Kenya's press called Sunday for reconciliation between the winners and losers in the presidential election, but calm prevailed in the country the day after results were declared, in striking contrast to the aftermath of the 2007 polls.
"The country is split right down the middle on tribal and economic lines," the Standard said in an editorial, calling on president-elect Uhuru Kenya to mend the divisions.
The Sunday Nation said the conciliatory tone adopted by Kenyatta and his deputy William Ruto in their acceptance speeches was "certainly a good start toward confronting the deep ethnic divisions in the country brought about by political competition".

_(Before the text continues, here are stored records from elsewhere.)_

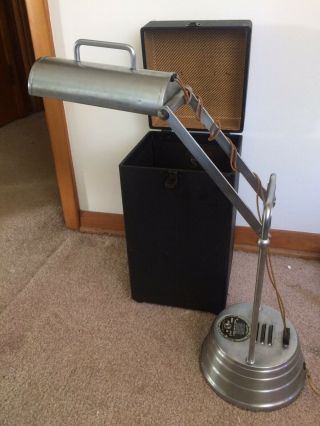 Sun - Kraft Model A - 1 Cold Quartz Ray Lamp W Case Art Deco Vintage Light Metal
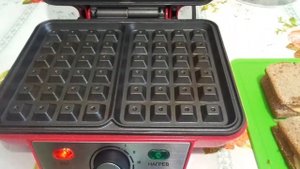 Бутерброды с курицей, сыром и вялеными помидорами в электровафельнице.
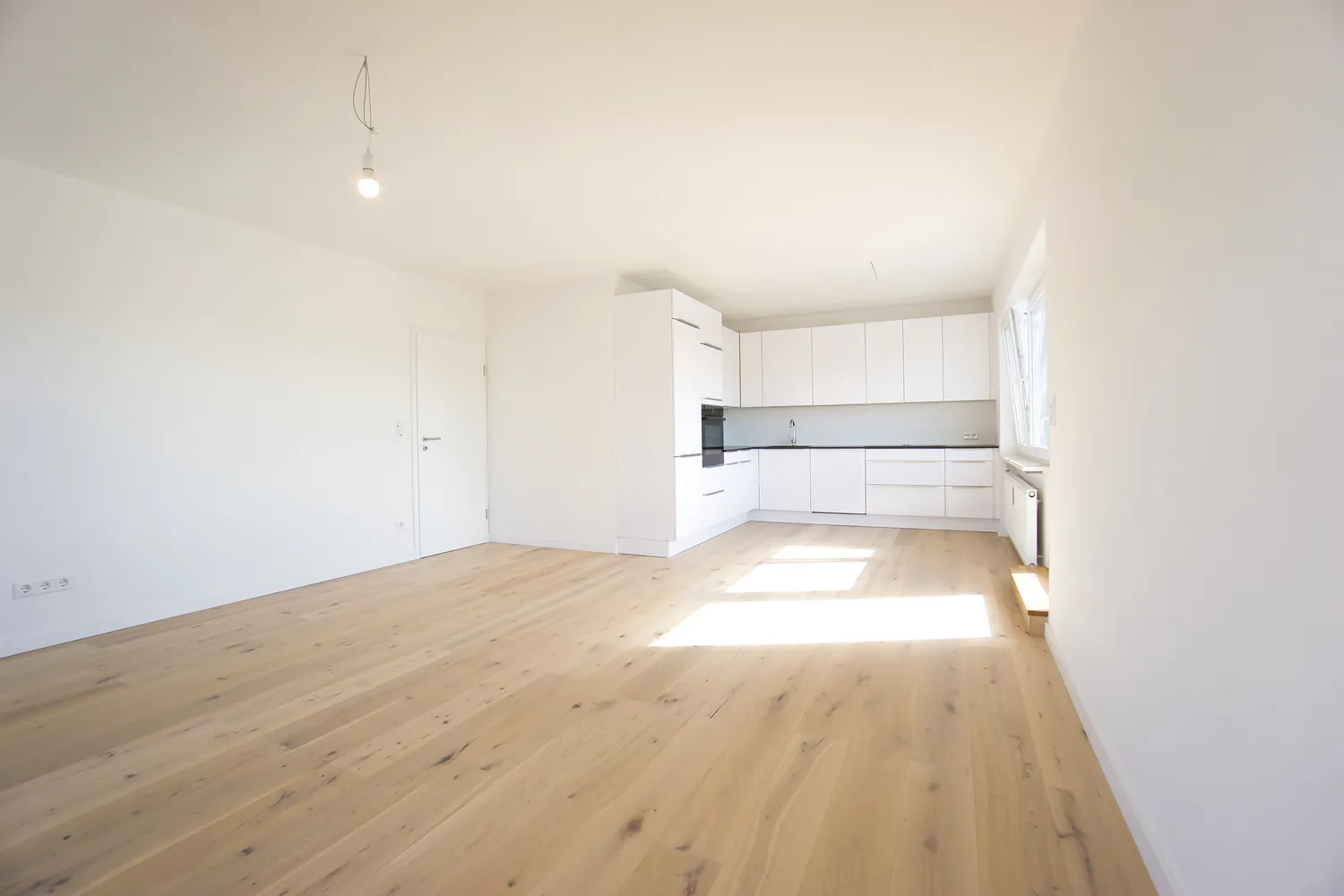 2 Zimmer Wohnung mit 119 m² in Regensburg – Bild 7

"We have demonstrated that we learned from the 2007 post-election violence that claimed the lives of 1,300 people and said 'never again'," it said.
The electoral commission announced Saturday that Kenyatta -- who faces trial on charges of crimes against humanity over the 2007-08 violence -- had scraped to a first round win over his main rival, Prime Minister Raila Odinga, in Monday's election.
Odinga said he would contest the results in court, alleging "massive tampering" of the vote, but also appealed for calm.
Kenyatta, one of Africa's richest and most powerful men, is due to go on trial at the International Criminal Court in July charged with orchestrating murder, forcible transfer and persecution.
"The violence of 2007-2008 and the wanton loss of both human lives and property taught all of us invaluable and enduring lessons," said Ahmednasir Adullahi, a lawyer and publisher.
Commentators highlighted how the candidates had based their campaigns on ethnic blocs.
"Uhuru's strategists outsmarted rivals by cobbling together a big ethnic bloc and scattering others," wrote Makau Mutua, dean at SUNY Baffalo law school, also the Sunday Nation.